A la lumière de ces apports théoriques, les participants ont épinglé quelques aspects de l’école catholique dont ils sont fières. Mentionnions, entre autres, la discipline et l’encadrement ainsi que la qualité des apprentissages. Néanmoins, ils ont exprimé que certains éléments devraient faire l’objet d’une attention particulière dans le cadre du Pacte Éducatif Africain. Au Burundi, en République Démocratique du Congo et au Rwanda, les paroisses et les congrégations crées de plus en plus des écoles privées. Celles-ci voient leur nombre accroître de façon exponentielle. L’histoire politique relative à l’éducation scolaire, dans les trois pays, anciens colonies de la Belgique, a donné lieu aux écoles catholiques sous convention entre l’État et l’Église. Les écoles conventionnées sont gérées par l’Église et l’État en garantit les moyens de fonctionnement (salaires des enseignants, les frais d’entretien, etc.). Les participants ont montré que, dans les trois pays, l’Église perd de plus en plus d’influence et que les États ne cessent d’augmenter son contrôle sur les écoles conventionnées. Ceci intervient dans le contexte généralisé de l’affaiblissement de la qualité de l’éducation assurée par les écoles conventionnées, lesquelles écoles sont fréquentées de plus en plus par les enfants issus des milieux modestes.
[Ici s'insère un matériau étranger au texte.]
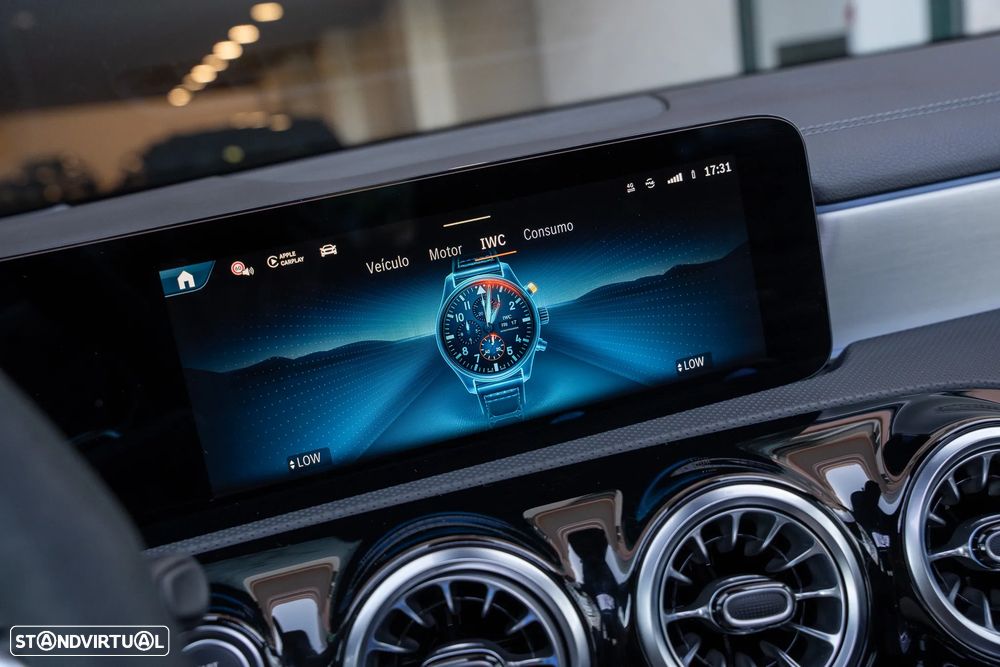 Mercedes-Benz A 35 AMG 4Matic - 42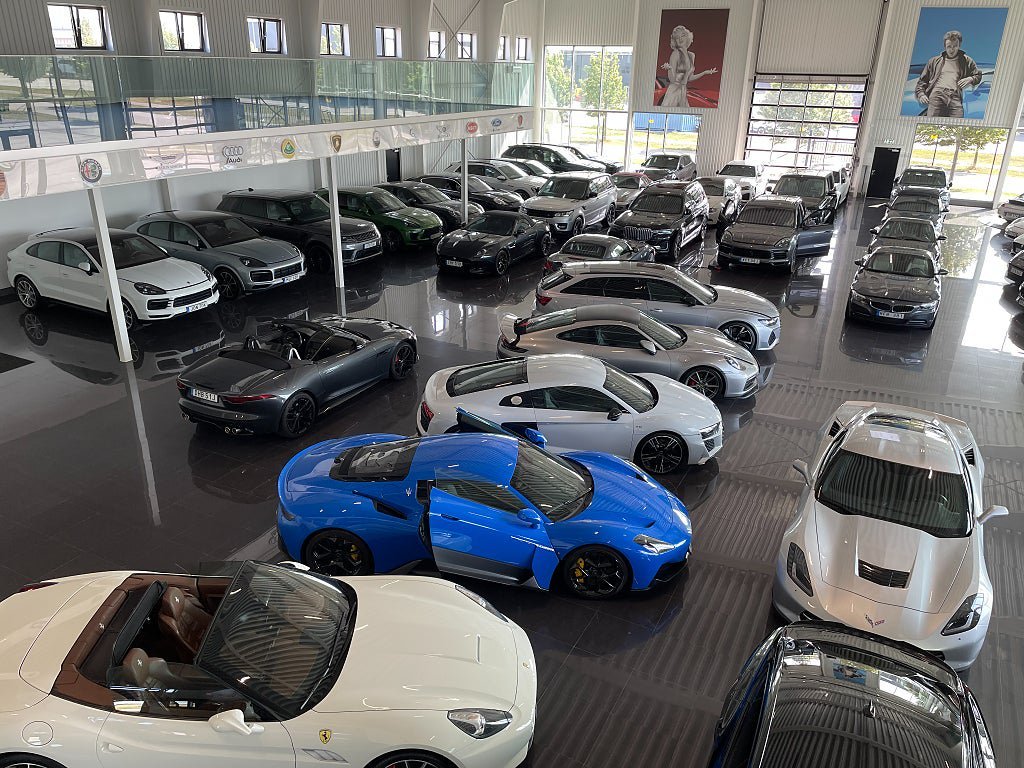 Vehicle Image 9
Ces écoles ne bénéficient pas de moyens suffisants pour assurer une éducation de qualité. On y trouve des classes surpeuplées. Face à ce problème majeur affectant les écoles catholique conventionnées, l’Église crée des écoles privées dans lesquelles elle peut assurer une éducation de qualité et bénéficie d’une grande liberté pédagogique et administrative.

En terminant ce séminaire, les participants se sont engagés, avec l’appui de l’Institut Pacte Éducatif Africain, à préparer les tous premiers congrès nationaux dans leurs pays respectifs afin de doter l’école catholique de nouvelles missions inspirées du Pacte Éducatif Africain et du contexte conflictuel prévalant dans cette région. Ils se sont engagés également à remédier aux dérives marquant de plus en plus les écoles catholiques privées, à savoir l’élitisme, le renforcement des inégalités sociales et la fragmentation sociale. Pour cela, il a été proposé que les directives du Pacte Éducatif Africains visant à réserver un certain pourcentage aux enfants issus des milieux modestes dans les écoles catholiques privées soient promulguées par les évêques de l’ACEAC. Cela devrait concerner aussi bien les écoles catholiques privées tenues par les paroisses que celles promues par les congrégations. Quant aux écoles catholiques conventionnées, les participants demandent aux évêques de travailler dans le sens du renforcement du dialogue entre l’Église et l’État. Jusqu’ici, l’État reconnaît à l’Église le rôle d’organisation et de gestion des établissements sous convention. Les évêques devront donc, selon les participants, reprendre les négociations avec les États pour que le projet éducatif de l’Église soit également mis en pratique dans les écoles catholiques conventionnées. Il a été demandé que l’État devrait assurer les moyens à l’Église pour mettre en œuvre le projet éducatif de cette dernière dans les écoles catholiques conventionnées.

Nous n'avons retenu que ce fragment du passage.